Newspapers also carried some reports of arrests of political leaders
and activists outside Kathmandu after the king's military coup. Senior
Nepali Congress leader and former Deputy Prime Minister Ramchandra
Poudel was arrested from Tanahu. The General Secretary of Nepali
Congress, Sushil Koirala, along with over a dozen political activists,
was arrested from Nepalgunj on Wednesday. Thirty-five pro-democracy
protestors including Amod Upadhyaya and Ashok Koirala, Nepali Congress
leaders, and Guru Baral and Naresh Pokharel, CPN (UML) leaders, were
arrested from Biratnagar on Tuesday, who were reportedly moved to the
prison yesterday. They were reportedly charged under the Public
Security Act, and put under 'preventive detention' for three months.
Similarly, 21 pro-democracy protestors including the Nepali Congress
leader Ganga Dutta Joshi, who were arrested from Mahendra Nagar
earlier, were also reportedly moved to the Kanchanpur prison
yesterday. They were also slapped with the Public Security Act and put
under preventive detention for three months.

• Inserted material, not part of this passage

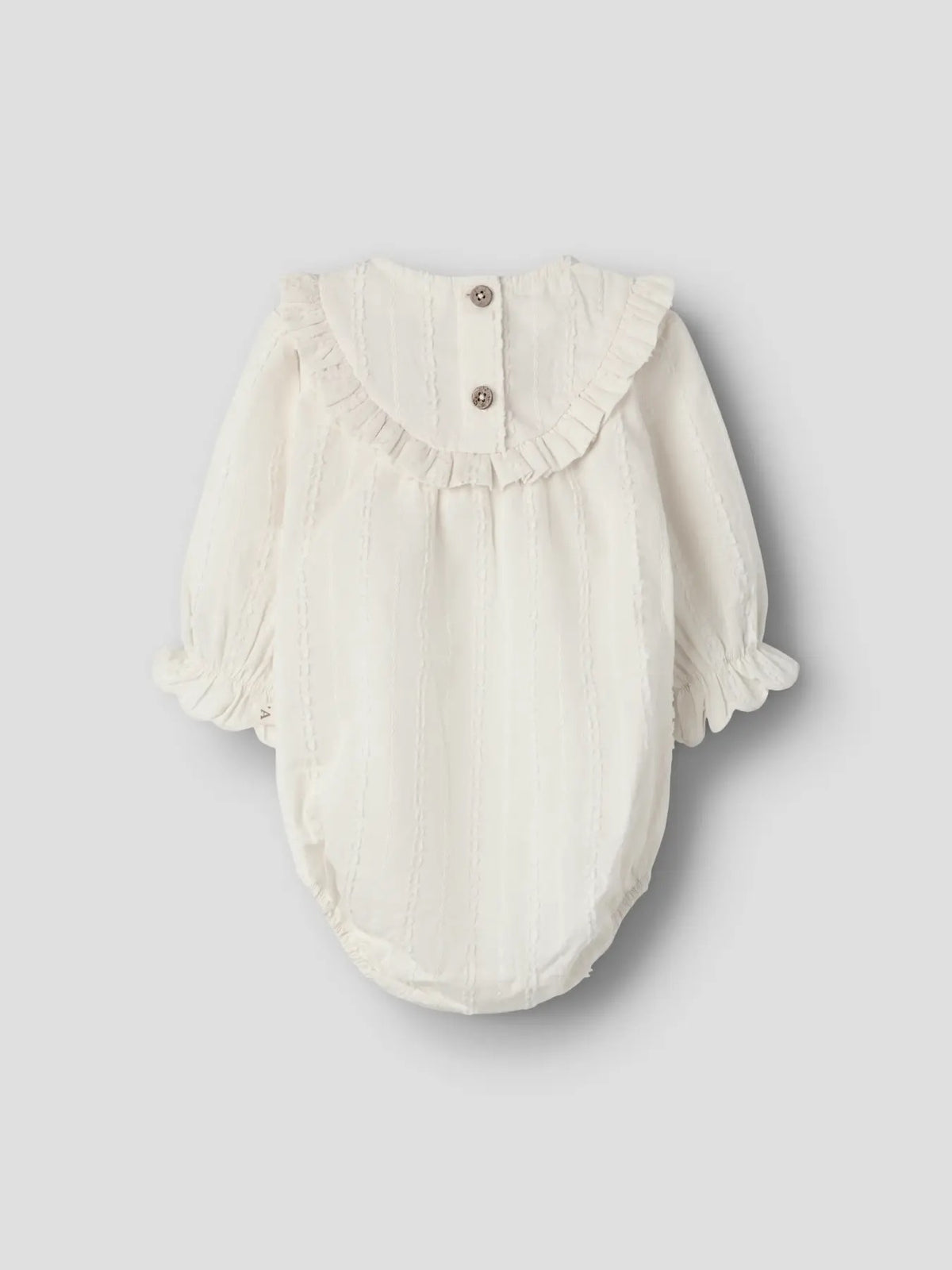 Lil’ Atelier Frosea Fik langermet romper i Turtledove med volanger, sett bakfra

The army is raiding the houses of civil society and political leaders
Army personnel visited the houses of some human rights activists, who
were reportedly on the hit list of the army even before the king's
military coup. The human rights activists were not at home at the time
of these visits. The army personnel also raided several times over the
past week the house of one of the most popular democratic student
leader of Nepal, Gagan Thapa. They misbehaved with his family members
and took away his photographs from family albums. There were reports
of the Nepal Bar Association representatives being threatened or south
by the army.
News from outside the Kathmandu valley are very difficult to gather
and verify. The phone lines were active for about two hours yesterday
afternoon and additional two hours in the evening. The social and
political activists that our team had access to in the districts are
either in hiding, or even when at home, feel insecure to divulge
detailed information over the phone which they suspect might be tapped
by the army. However, in the last three days, our team members called
up sources in Pokhara, Nepalgunj, Nawalparasi, Chitwan, Birgunj,
Janakpur to gather information. From each of these places, several
dozen political activists and student leaders were reported to be
arrested. Their whereabouts are not known. Given the trend, it can be
safely assumed that arrests of political leaders must have taken place
in many of the remote districts around the country.

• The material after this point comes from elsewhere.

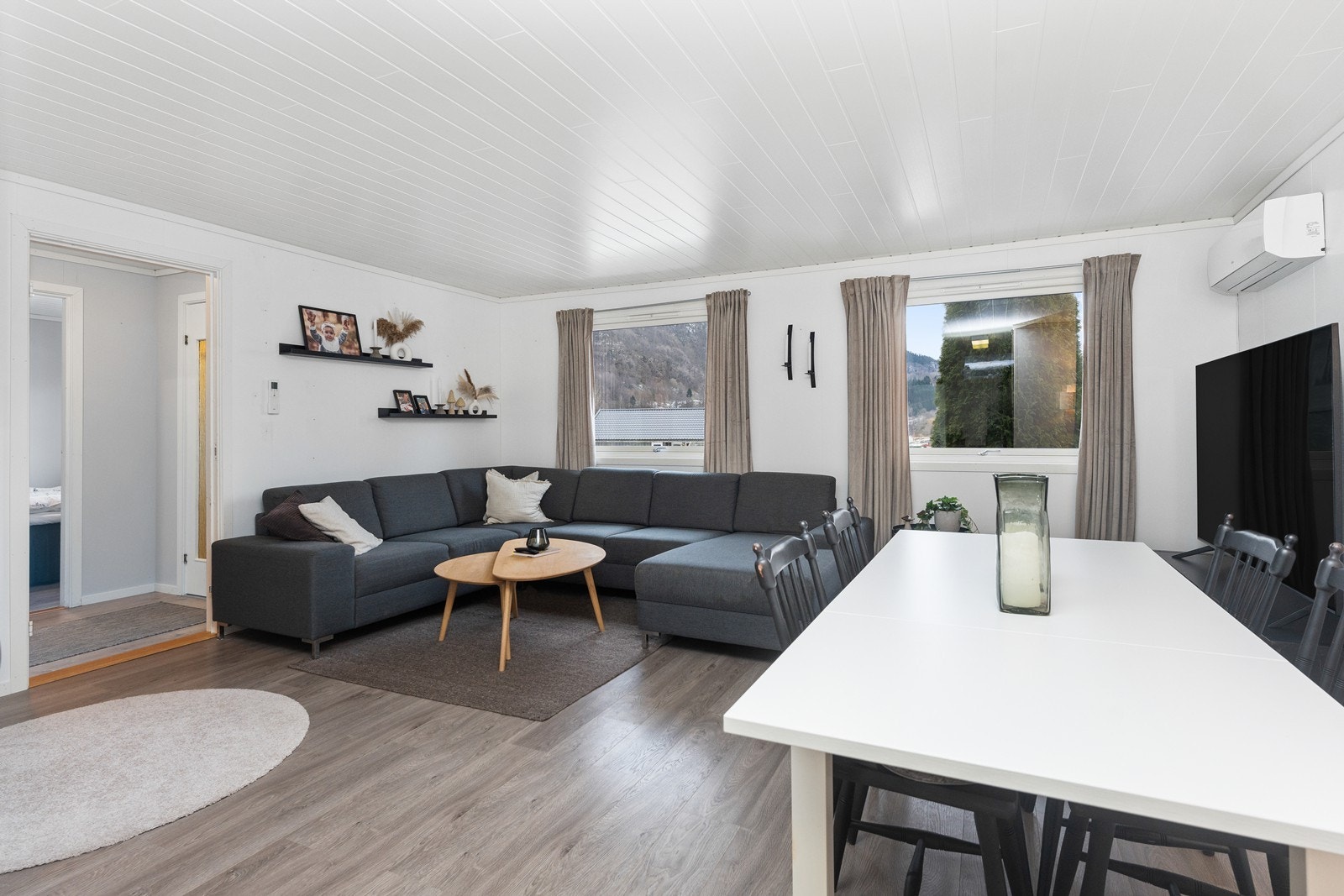 Hybelen har romslig stue med varmepumpe. Galleribilde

Firing from helicopter and torture against pro-democracy protestors
Our team received reports from very reliable sources of the torture of
the students from Prithvinarayan Campus, Pokhara. Fifty-eight
students, out of the hundreds who were peacefully protesting against
the king's coup inside the campus premises on 1 February were arrested
by the Royal Nepal Army personnel and taken to the nearby army barrack
the same day. Their hands were tied at the back and all of them were
blindfolded. They were then severely beaten by the army personnel with
fists, boots, sticks, and butts of rifles. Then they were made to
sleep inside a "trench" without any bedding outside in the open for
the whole night. Everyone of them visited by our source in Pokhara
reportedly had bruises on their body, which have been photographed.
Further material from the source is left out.